You are viewing a plain text version of this content. The canonical link for it is here.

Posted to dev@nutch.apache.org by Siddhartha Reddy <si...@grok.in> on 2008/05/27 08:55:19 UTC

IRLbot: Scaling to 6 Billion Pages and Beyond

Hello,

I thought the following might be of considerable interest to Nutch. If you
have already come across this, please excuse this email.

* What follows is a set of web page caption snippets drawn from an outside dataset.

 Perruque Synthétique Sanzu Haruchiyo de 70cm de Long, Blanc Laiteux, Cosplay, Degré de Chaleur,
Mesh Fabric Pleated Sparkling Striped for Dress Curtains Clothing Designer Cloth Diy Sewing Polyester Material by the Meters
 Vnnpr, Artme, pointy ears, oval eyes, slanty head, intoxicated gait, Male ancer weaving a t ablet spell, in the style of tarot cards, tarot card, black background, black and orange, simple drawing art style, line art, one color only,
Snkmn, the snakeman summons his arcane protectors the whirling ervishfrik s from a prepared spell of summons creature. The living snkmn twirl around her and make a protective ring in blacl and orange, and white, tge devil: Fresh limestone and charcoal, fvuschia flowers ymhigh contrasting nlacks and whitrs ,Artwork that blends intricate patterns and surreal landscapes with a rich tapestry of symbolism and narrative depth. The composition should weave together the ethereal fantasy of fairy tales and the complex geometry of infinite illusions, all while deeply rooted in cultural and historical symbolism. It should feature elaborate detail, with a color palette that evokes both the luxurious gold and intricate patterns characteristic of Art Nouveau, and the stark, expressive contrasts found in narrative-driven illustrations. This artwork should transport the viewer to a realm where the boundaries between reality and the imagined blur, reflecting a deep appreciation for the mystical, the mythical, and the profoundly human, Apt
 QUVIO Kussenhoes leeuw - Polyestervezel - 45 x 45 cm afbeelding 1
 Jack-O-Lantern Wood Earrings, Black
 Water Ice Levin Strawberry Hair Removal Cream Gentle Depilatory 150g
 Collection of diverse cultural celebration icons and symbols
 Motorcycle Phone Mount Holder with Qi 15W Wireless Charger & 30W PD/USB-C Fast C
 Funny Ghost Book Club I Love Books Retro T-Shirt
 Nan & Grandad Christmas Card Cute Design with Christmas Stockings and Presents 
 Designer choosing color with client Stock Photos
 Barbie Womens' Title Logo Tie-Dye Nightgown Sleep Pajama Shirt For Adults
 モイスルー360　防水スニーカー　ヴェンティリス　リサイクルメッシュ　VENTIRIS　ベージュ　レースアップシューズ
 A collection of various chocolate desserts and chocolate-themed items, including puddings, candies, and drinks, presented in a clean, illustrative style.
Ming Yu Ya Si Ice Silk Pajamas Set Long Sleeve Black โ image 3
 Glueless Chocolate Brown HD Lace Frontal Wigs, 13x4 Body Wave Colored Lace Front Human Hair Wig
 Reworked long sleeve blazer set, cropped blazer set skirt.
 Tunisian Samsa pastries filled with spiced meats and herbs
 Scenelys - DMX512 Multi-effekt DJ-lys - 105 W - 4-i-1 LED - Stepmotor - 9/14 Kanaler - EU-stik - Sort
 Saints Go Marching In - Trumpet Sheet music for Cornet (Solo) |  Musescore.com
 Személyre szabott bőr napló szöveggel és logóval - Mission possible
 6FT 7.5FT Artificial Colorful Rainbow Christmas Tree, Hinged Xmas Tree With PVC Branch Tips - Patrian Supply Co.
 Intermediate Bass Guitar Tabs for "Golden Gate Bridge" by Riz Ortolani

http://www2008.org/papers/pdf/p427-leeA.pdf

This is a paper published in the WWW 2008 conference. Incidentally, it won
the award for the best paper at the conference.

*Abstract:*
This paper shares our experience in designing a web crawler that can
download billions of pages using a single-server implementation and models
its performance. We show that with the quadratically increasing complexity
of verifying URL uniqueness, BFS crawl order, and fixed per-host
rate-limiting, current crawling algorithms cannot effectively cope with the
sheer volume of URLs generated in large crawls, highly-branching spam,
legitimate multi-million-page blog sites, and infinite loops created by
server-side scripts. We offer a set of techniques for dealing with these
issues and test their performance in an implementation we call IRLbot. In
our recent experiment that lasted 41 days, IRLbot running on a single server
successfully crawled 6.3 billion valid HTML pages (7.6 billion connection
requests) and sustained an average download rate of 319 mb/s (1,789
pages/s). Unlike our prior experiments with algorithms proposed in related
work, this version of IRLbot did not experience any bottlenecks and
successfully handled content from over 117 million hosts, parsed out 394
billion links, and discovered a subset of the web graph with 41 billion
unique nodes.

Regards,
Siddhartha